(Pictures with short captions)

=-=-=

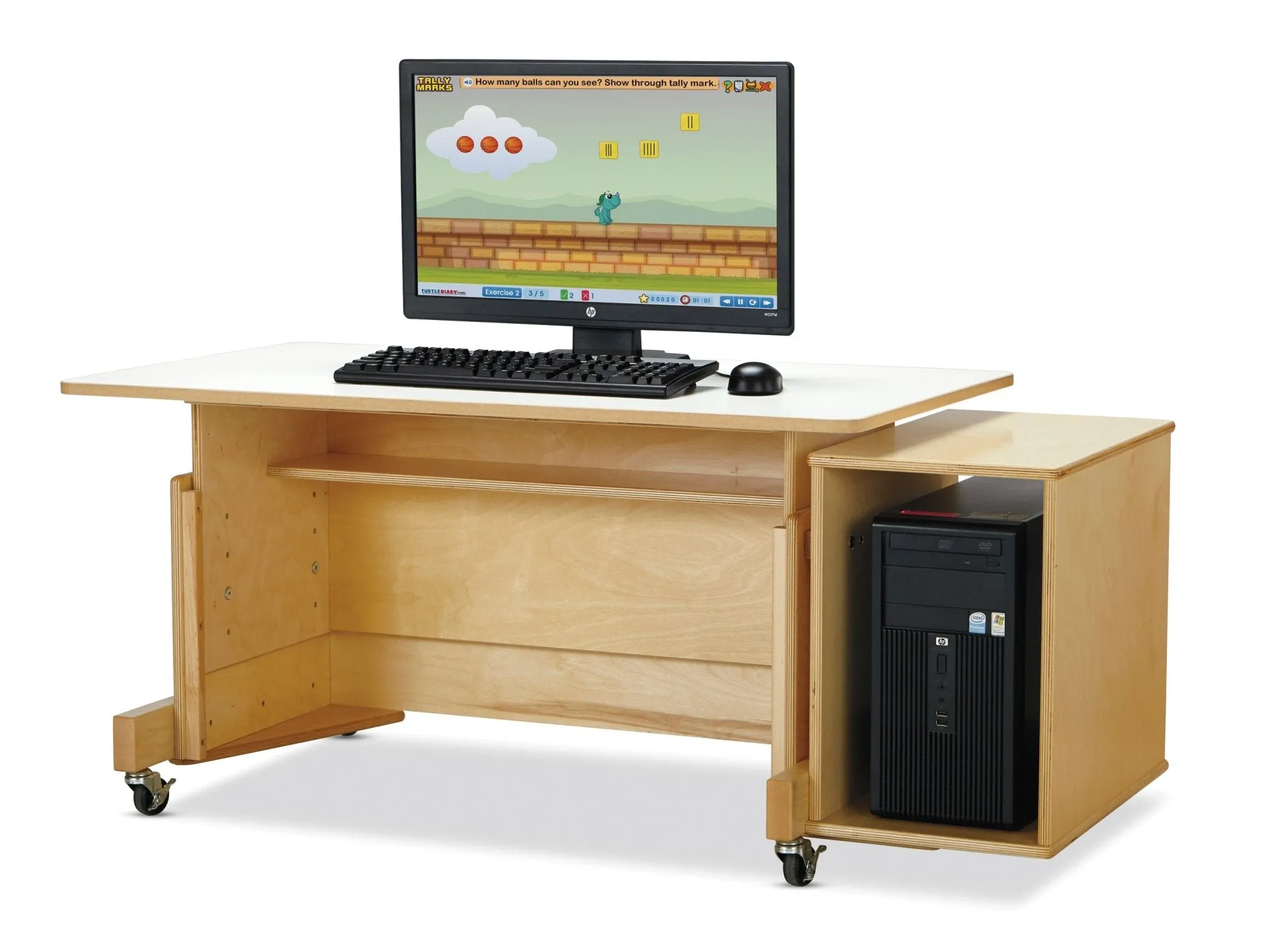 Jonti-Craft Apollo Double Computer Desk - White Top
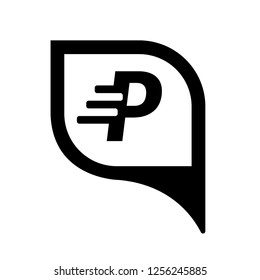 letter P and map pin. logo concept. Designed for your web site design, logo, app, UI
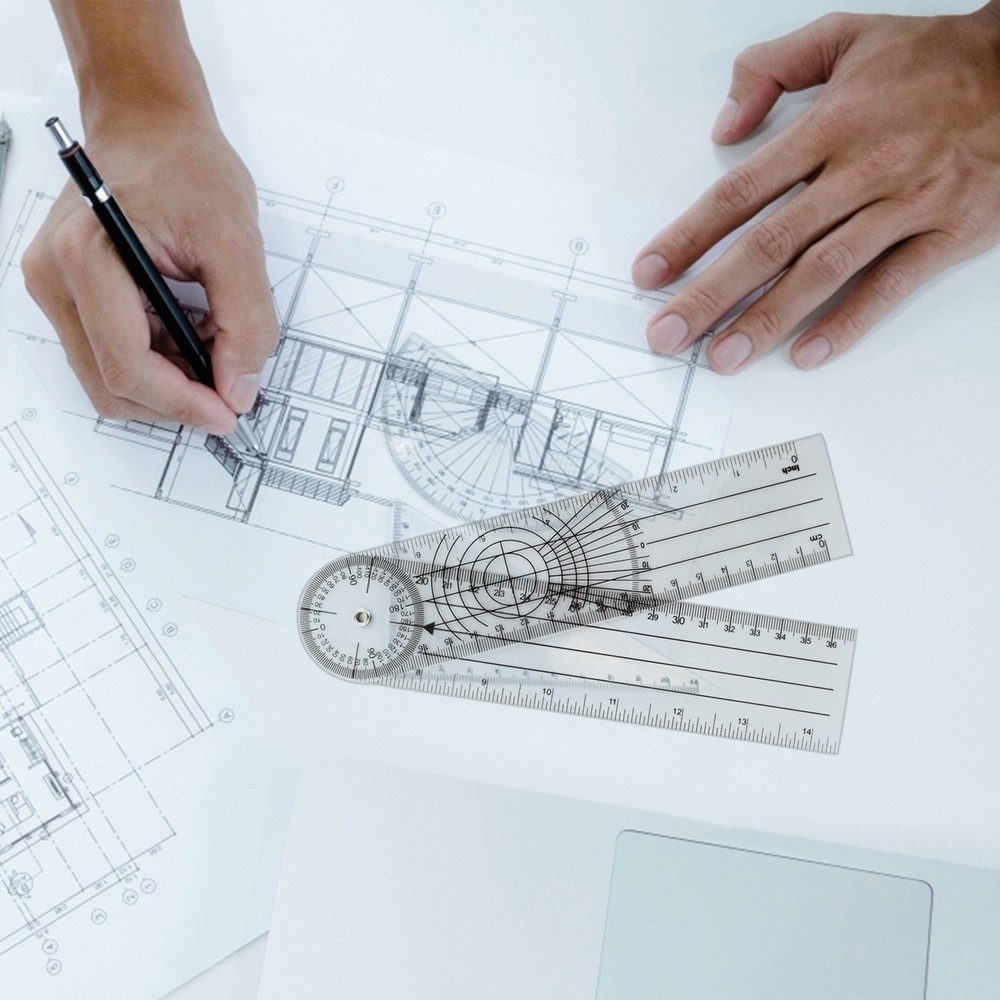 360 Protractor Ruler Goniometer Protractor Ruler Functional Measuring Tool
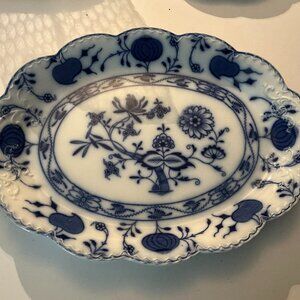 Blue Onion 14"x10.5" Serving Platter Holland Johnson Bros England FLAWLESS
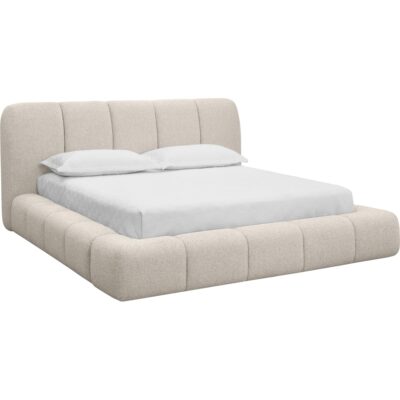 Olena Bed - King - Santa Cruz Oatmeal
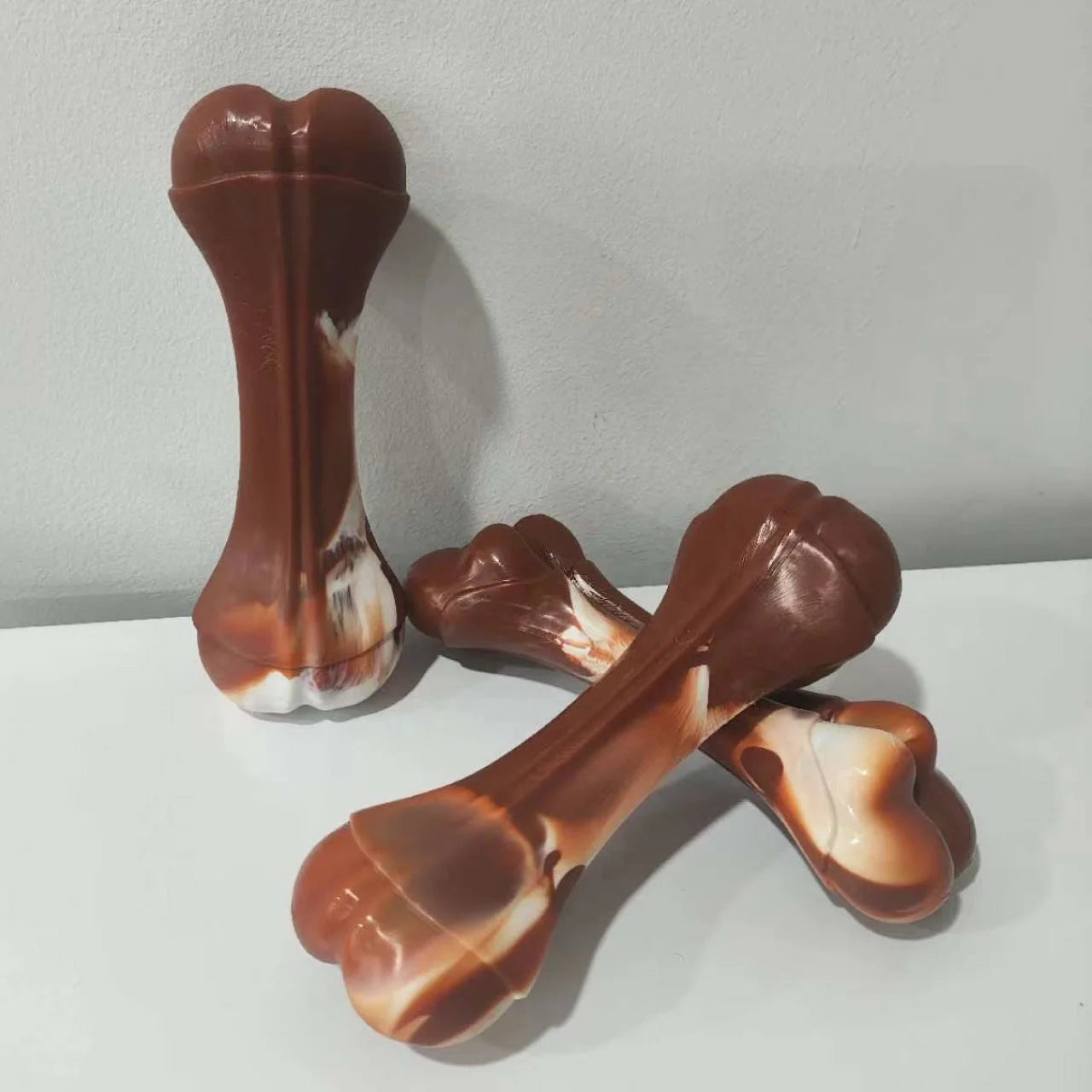 Indestructible Beef-Flavored Nylon Luxury Dog Chew Toy Bite-Resistant Bone Shape for Aggressive Chewers Fashion Modern Daily Use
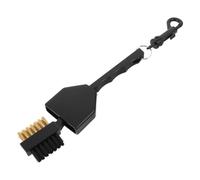 TOPBATHY Golf Club Cleaning Brush Dual Bristle PP and Copper Bristles Groove Cleaning Tool for Golfers Portable Handheld Scrub Brush for Fast Dirt Removal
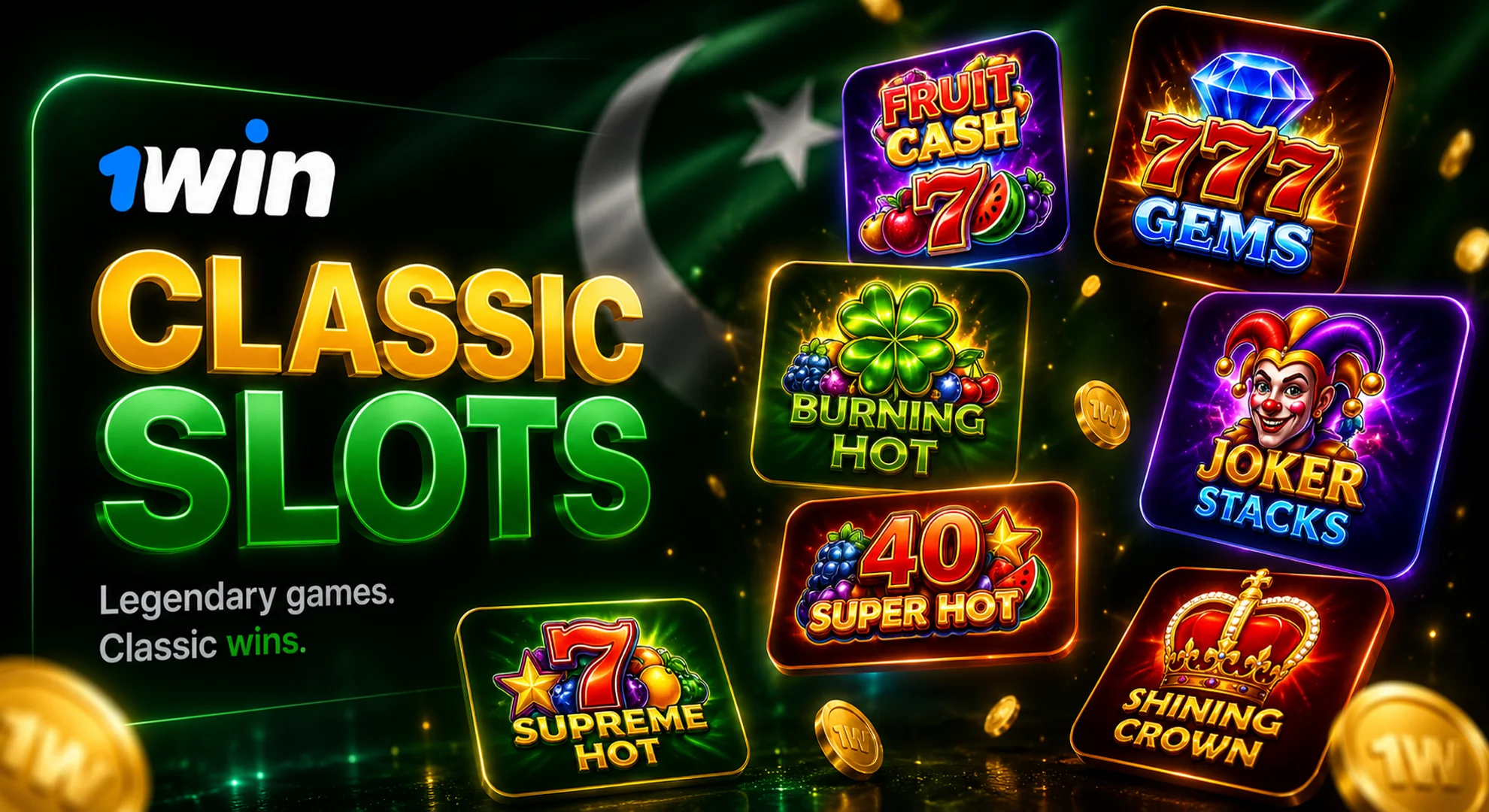 Play Classic Slots at 1win.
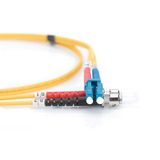 Digitus Cavo patch in fibra ottica, duplex, connettore LC > ST, monomodale OS2 giallo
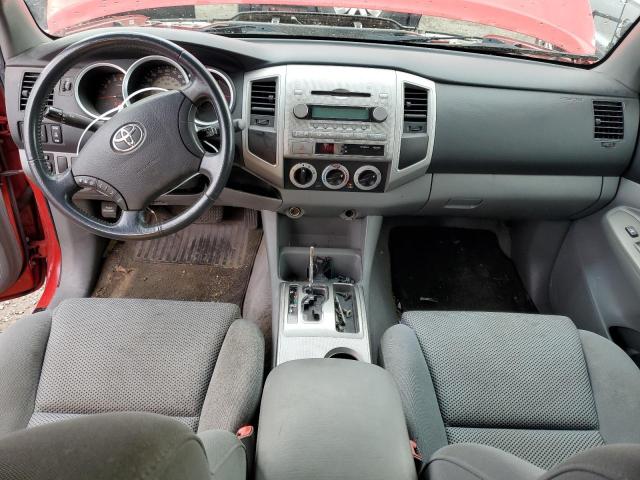 5TEJU62N87Z443530 - 2007 TOYOTA TACOMA DOUBLE CAB PRERUNNER RED photo 8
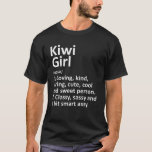 T-shirt KIWI GIRL NOUVELLE-ZÉLANDE Cadeau Funny Country Ho<br><div class="desc">Cool sassy né dans le pays ou élevé des oeuvres d'art pour natif "Kiwi Girl New Zealand". C'est un cadeau ou un cadeau parfait pour toutes les femmes que vous voulez surprendre. Achetez le design maintenant !</div>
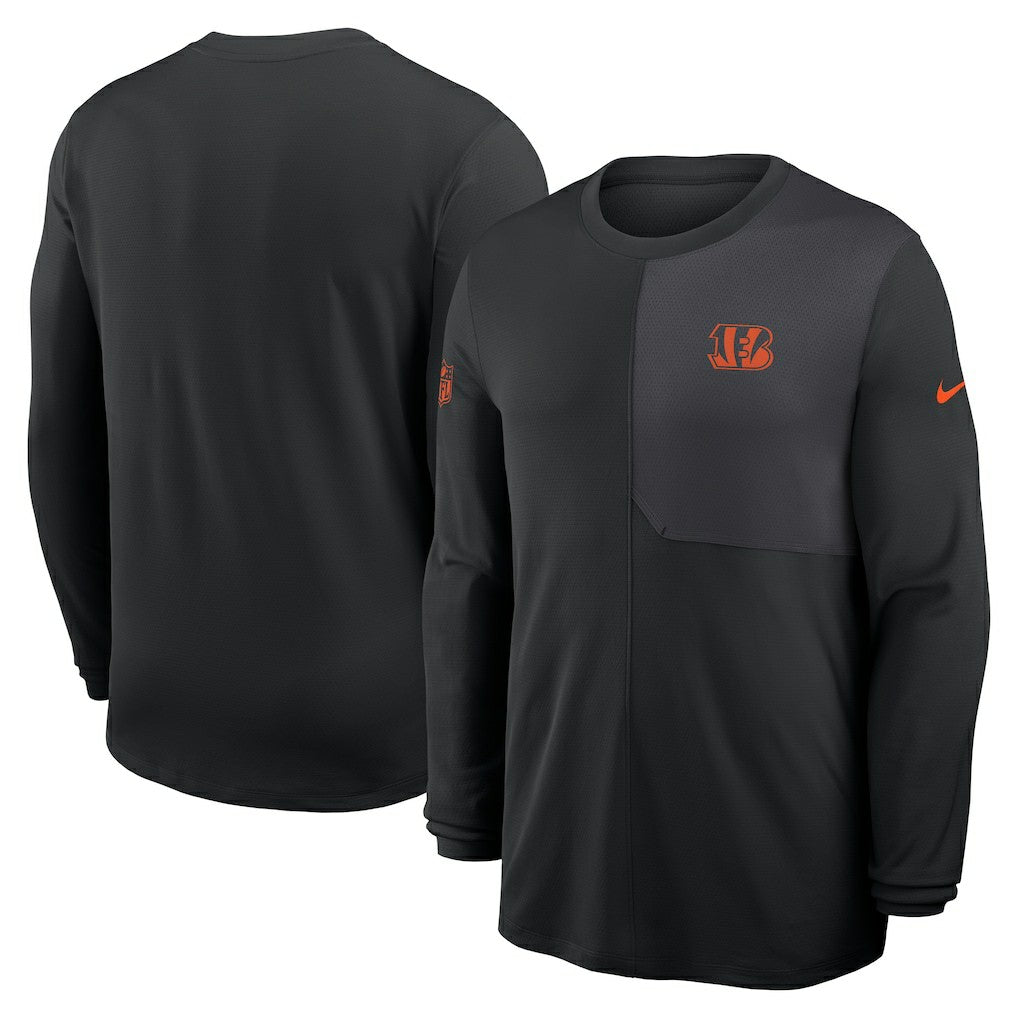 NFL Cincinnati Bengals Sideline Coach UV Dri-FIT Long Sleeve Shirt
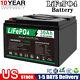 12v 30ah Lithium-ion Battery Lifepo4 Rechargeable Deep Cycle Bms Solar 4wd Rv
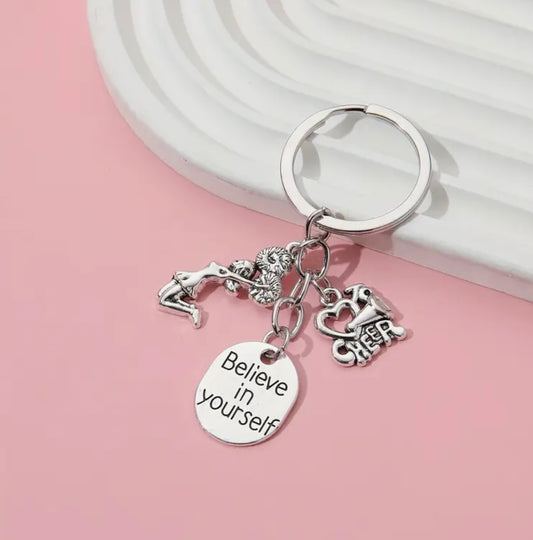 Keychain: Believe in Yourself (Cheerleader)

=-=-=

* **Prompt**
Copy the lines above exactly, starting at the one with "Indestructible Beef-Flavored Nylon" and ending at the one with "Digitus Cavo patch", both included. Leave out any pictures and add nothing else.

* **Task result**
 Indestructible Beef-Flavored Nylon Luxury Dog Chew Toy Bite-Resistant Bone Shape for Aggressive Chewers Fashion Modern Daily Use
 TOPBATHY Golf Club Cleaning Brush Dual Bristle PP and Copper Bristles Groove Cleaning Tool for Golfers Portable Handheld Scrub Brush for Fast Dirt Removal
 Play Classic Slots at 1win.
 Digitus Cavo patch in fibra ottica, duplex, connettore LC > ST, monomodale OS2 giallo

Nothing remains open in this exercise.